§ **Exercise goal**:
For each line of the data below that contains "orange", return that line.

[Records from a data source]
▽

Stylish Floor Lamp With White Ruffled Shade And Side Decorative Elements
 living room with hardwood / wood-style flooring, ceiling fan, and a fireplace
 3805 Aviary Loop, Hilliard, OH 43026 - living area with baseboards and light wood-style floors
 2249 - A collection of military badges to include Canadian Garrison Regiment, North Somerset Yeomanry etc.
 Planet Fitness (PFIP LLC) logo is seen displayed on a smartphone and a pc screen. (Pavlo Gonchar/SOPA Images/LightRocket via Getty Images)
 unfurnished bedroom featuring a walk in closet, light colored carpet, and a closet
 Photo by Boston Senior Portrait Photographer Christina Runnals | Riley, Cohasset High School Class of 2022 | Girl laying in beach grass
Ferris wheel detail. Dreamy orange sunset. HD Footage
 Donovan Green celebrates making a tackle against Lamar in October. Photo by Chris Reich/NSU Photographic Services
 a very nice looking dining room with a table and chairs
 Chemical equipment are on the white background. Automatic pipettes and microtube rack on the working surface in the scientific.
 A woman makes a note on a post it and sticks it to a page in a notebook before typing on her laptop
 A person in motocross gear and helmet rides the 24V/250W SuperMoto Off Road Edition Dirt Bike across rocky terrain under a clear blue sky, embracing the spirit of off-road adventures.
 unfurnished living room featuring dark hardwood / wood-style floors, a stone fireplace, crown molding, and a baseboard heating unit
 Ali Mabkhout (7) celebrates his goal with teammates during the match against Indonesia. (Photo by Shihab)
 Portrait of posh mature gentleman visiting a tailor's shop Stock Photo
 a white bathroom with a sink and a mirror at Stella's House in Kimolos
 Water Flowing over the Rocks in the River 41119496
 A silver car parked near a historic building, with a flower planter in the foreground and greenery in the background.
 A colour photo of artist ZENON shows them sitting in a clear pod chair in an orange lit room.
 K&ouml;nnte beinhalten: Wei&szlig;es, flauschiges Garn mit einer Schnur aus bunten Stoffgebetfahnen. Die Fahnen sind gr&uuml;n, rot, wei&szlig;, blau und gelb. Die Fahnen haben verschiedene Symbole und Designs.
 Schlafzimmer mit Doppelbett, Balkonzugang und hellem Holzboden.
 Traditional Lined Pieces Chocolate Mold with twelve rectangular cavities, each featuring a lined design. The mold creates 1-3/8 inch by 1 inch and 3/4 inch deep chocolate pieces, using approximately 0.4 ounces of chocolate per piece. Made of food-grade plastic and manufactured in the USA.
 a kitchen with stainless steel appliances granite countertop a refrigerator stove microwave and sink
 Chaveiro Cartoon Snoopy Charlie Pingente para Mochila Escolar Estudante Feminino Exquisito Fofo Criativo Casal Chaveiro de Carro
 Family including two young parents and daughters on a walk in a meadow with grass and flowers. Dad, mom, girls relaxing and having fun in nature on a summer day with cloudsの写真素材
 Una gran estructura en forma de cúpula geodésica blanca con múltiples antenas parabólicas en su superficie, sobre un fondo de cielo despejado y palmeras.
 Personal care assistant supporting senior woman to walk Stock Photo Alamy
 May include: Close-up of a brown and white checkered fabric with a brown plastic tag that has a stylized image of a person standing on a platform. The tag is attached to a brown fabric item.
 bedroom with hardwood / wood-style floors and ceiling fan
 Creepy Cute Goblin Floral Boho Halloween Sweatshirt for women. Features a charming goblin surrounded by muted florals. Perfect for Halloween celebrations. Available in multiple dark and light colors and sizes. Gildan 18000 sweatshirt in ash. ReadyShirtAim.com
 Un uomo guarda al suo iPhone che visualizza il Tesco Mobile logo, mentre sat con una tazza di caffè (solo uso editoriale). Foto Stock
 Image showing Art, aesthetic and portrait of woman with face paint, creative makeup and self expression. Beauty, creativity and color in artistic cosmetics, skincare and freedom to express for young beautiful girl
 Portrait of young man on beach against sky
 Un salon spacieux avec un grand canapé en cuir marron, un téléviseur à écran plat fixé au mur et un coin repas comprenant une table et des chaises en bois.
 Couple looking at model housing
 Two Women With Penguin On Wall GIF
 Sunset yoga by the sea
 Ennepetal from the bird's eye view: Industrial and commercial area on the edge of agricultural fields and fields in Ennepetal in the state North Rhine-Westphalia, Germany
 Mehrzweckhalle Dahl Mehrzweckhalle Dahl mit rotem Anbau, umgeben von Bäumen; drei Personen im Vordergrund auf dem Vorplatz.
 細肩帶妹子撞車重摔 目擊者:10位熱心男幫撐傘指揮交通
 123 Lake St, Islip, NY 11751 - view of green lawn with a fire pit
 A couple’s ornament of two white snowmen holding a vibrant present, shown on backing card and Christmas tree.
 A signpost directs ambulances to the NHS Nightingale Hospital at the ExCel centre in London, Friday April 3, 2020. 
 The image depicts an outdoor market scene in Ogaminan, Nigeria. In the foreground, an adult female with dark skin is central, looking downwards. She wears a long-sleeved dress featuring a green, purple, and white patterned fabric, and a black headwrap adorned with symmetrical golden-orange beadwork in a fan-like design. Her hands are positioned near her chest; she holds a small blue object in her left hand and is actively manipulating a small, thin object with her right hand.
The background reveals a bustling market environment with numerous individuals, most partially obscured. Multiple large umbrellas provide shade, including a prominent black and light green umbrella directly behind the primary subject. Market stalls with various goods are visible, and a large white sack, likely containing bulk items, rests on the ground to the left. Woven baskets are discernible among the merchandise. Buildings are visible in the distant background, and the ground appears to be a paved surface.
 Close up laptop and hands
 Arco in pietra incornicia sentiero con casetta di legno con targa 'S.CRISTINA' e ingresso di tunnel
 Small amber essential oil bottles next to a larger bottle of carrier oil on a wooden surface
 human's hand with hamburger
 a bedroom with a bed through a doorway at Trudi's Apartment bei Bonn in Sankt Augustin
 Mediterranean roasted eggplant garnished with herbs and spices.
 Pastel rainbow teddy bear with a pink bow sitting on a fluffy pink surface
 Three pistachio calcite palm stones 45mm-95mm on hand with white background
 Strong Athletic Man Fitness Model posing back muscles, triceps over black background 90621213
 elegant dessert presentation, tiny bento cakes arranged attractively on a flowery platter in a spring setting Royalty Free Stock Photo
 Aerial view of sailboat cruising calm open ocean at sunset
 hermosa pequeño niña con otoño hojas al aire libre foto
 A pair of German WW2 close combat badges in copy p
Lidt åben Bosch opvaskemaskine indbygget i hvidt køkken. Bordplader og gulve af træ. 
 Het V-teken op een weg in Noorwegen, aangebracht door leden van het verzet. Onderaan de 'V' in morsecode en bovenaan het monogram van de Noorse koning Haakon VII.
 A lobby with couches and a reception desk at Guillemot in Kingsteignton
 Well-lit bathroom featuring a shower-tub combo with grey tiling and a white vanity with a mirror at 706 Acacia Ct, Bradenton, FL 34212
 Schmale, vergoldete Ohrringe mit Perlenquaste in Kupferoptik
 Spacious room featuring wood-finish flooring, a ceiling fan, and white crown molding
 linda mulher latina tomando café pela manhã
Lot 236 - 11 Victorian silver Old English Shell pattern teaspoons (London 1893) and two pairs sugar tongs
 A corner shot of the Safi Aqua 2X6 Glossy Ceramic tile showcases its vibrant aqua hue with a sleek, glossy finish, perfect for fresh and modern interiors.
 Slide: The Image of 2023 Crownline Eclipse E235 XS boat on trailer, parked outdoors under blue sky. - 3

△

§ **Exercise response**:
Ferris wheel detail. Dreamy orange sunset. HD Footage
 A colour photo of artist ZENON shows them sitting in a clear pod chair in an orange lit room.
 The image depicts an outdoor market scene in Ogaminan, Nigeria. In the foreground, an adult female with dark skin is central, looking downwards. She wears a long-sleeved dress featuring a green, purple, and white patterned fabric, and a black headwrap adorned with symmetrical golden-orange beadwork in a fan-like design. Her hands are positioned near her chest; she holds a small blue object in her left hand and is actively manipulating a small, thin object with her right hand.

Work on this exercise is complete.